## PROBLEM DESCRIPTION
Leave out every picture, and output exactly the lines from the line containing "Love story прогулка" through the last line of the data.

## DATA FOR THIS TASK
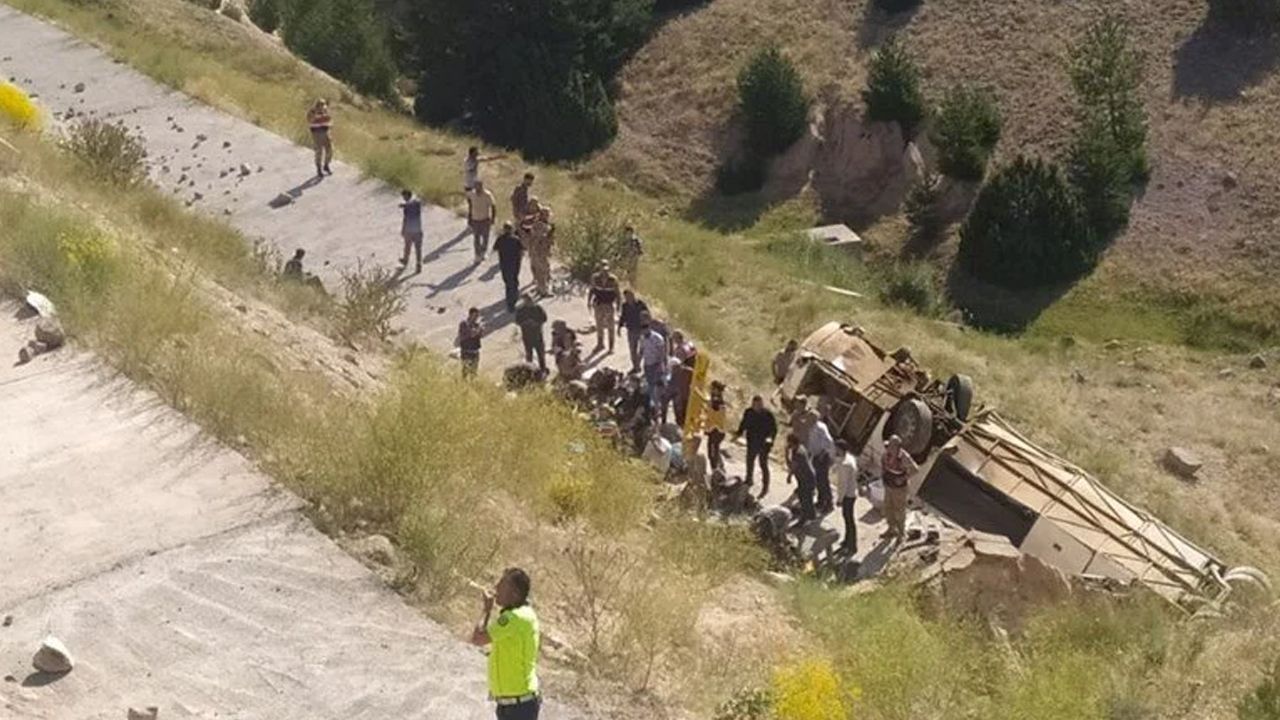 Kars'ta yolcu otobüsü şarampole devrildi: 7 ölü, 22 yaralı
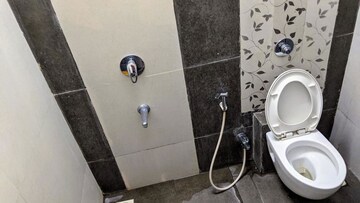 Furnished Amenities in 2 BHK Apartment at HDIL Metropolis Residences, Andheri West – for Sale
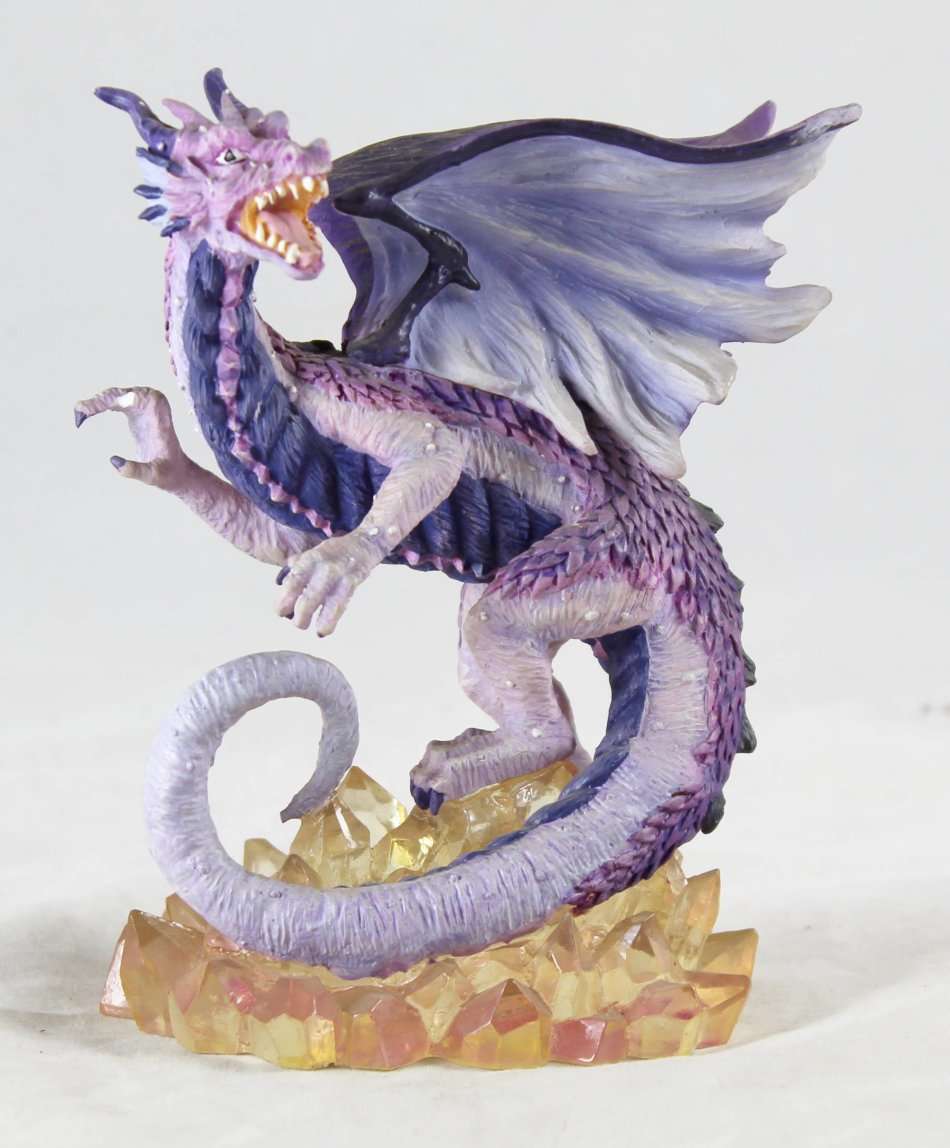 Land Of The Dragons - Amethyst Dragon A K145 - Beautiful! - Bid Now!!!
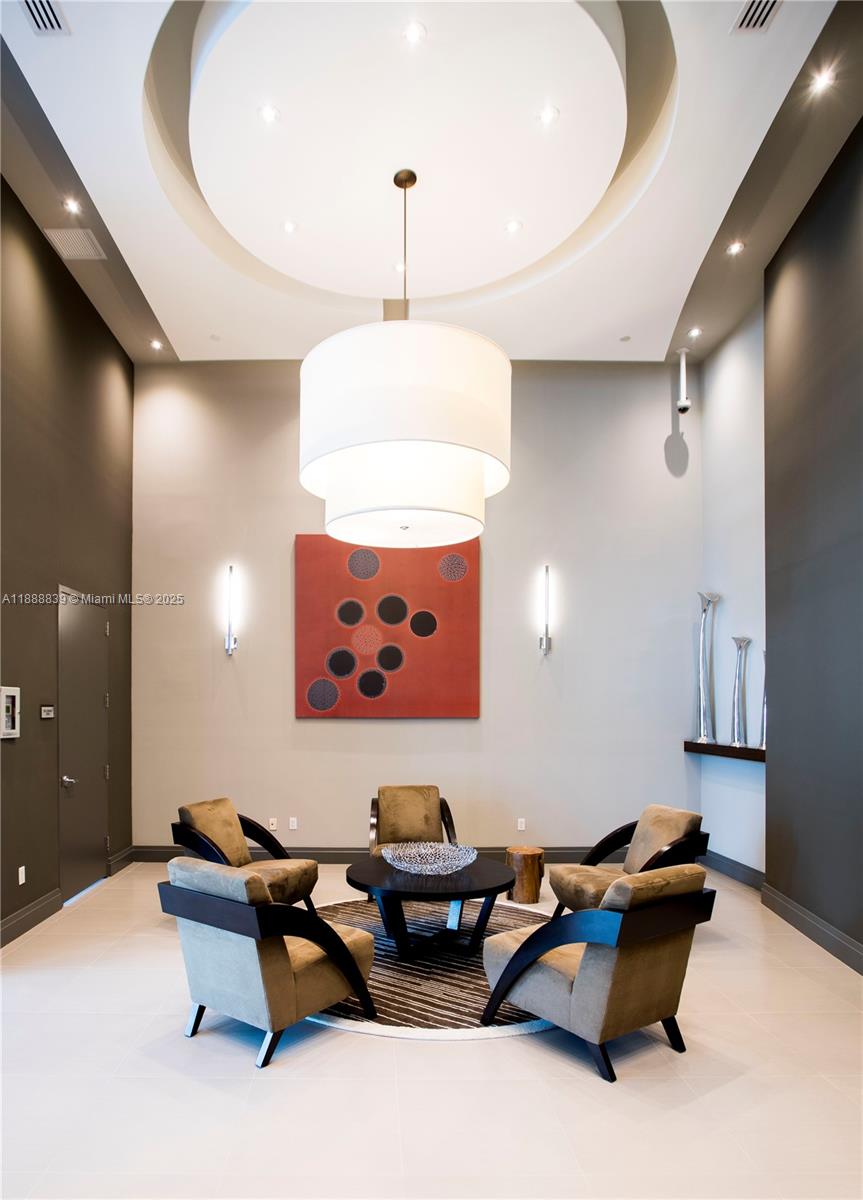 NORDICA CONDO - Residential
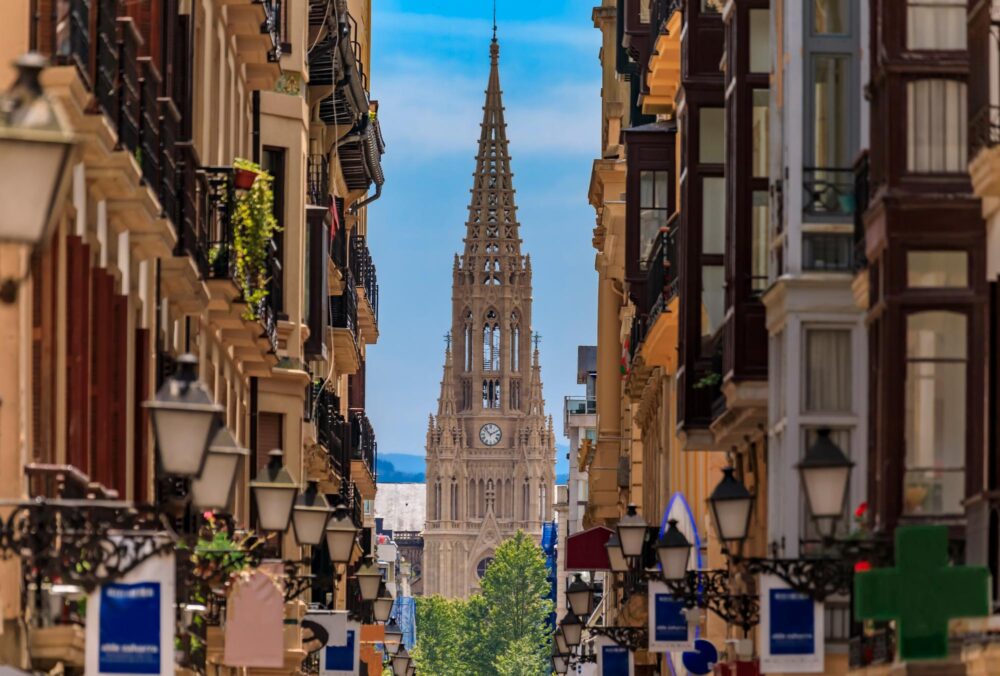 Vue le long d'une rue de la vieille ville sur la cathédrale de Saint-Sébastien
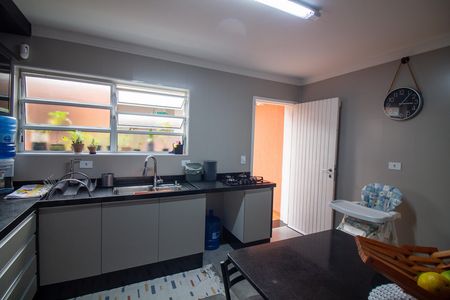 Casa para alugar com 180m², 2 quartos e 2 vagasCozinha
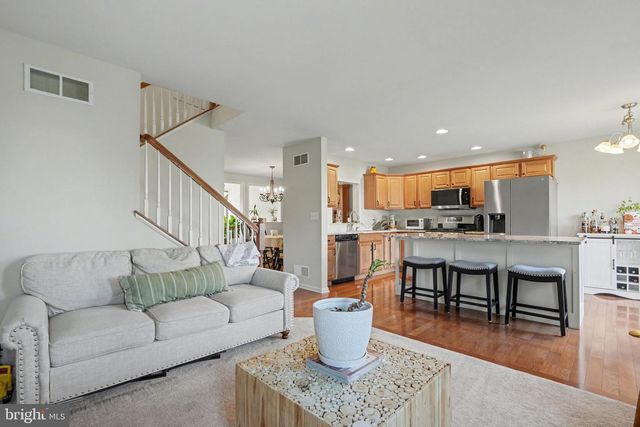 1804 VISTA DR, Mechanicsburg, PA 17055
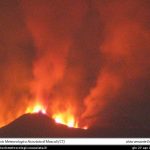 Nuova eruzione dell’Etna: fratture sul cratere e colonna di cenere, le immagini in diretta dalle webcam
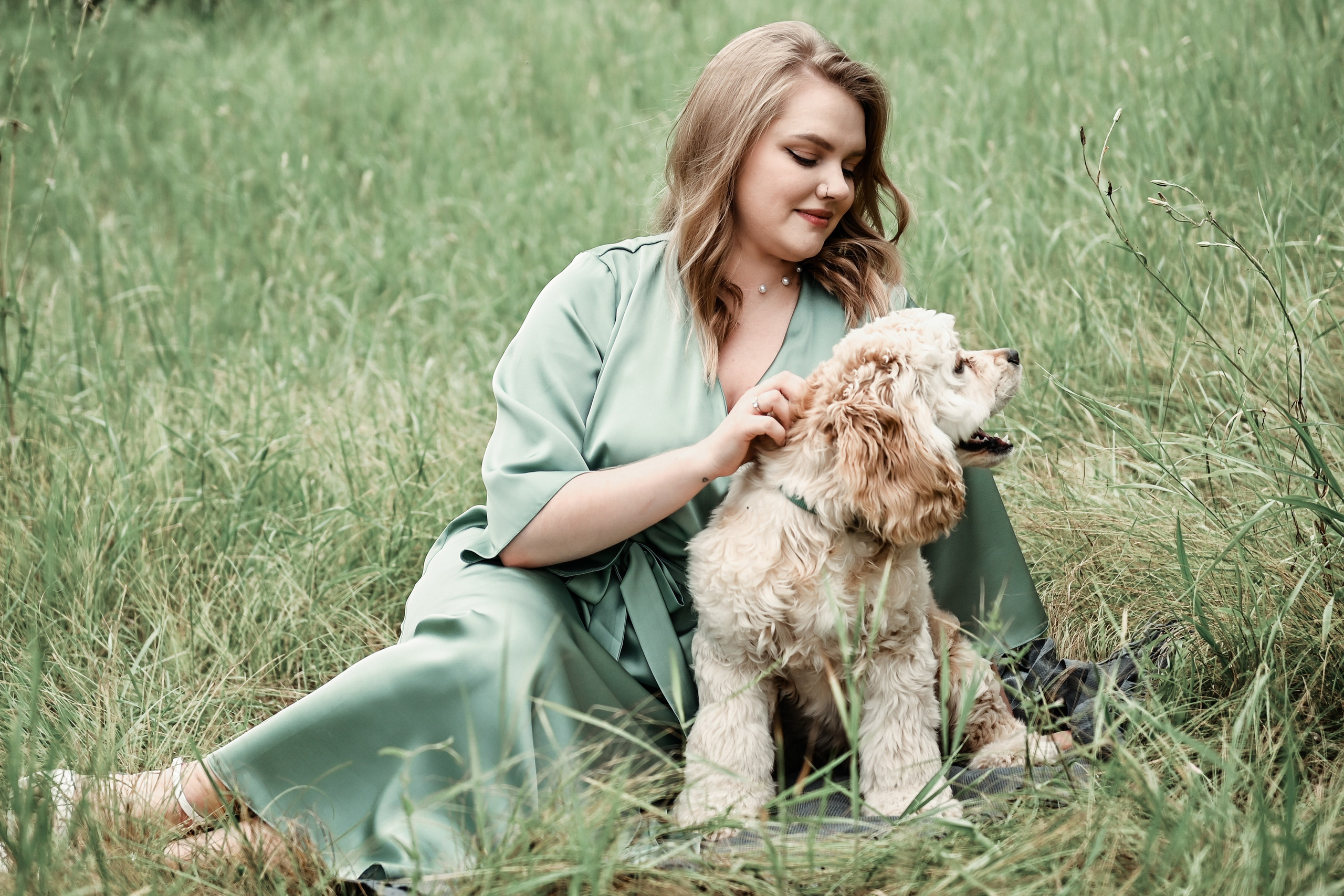 Love story прогулка вместе с песиком))). Свадебный, семейный, детский, контент фотограф в Омске Максим Ильин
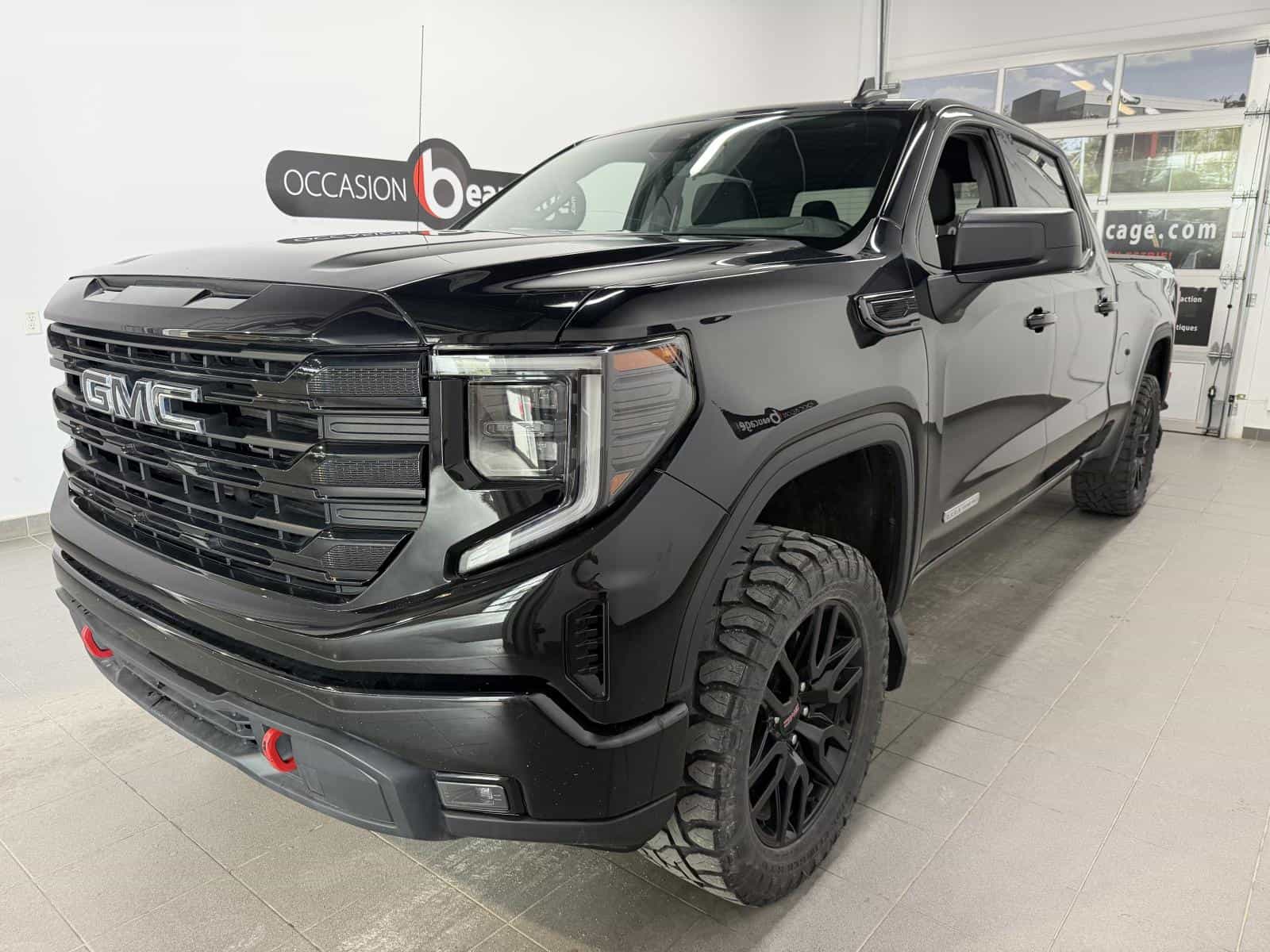 2024 GMC Sierra 1500 Elevation - Image 1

## OUTPUT
 Love story прогулка вместе с песиком))). Свадебный, семейный, детский, контент фотограф в Омске Максим Ильин
 2024 GMC Sierra 1500 Elevation - Image 1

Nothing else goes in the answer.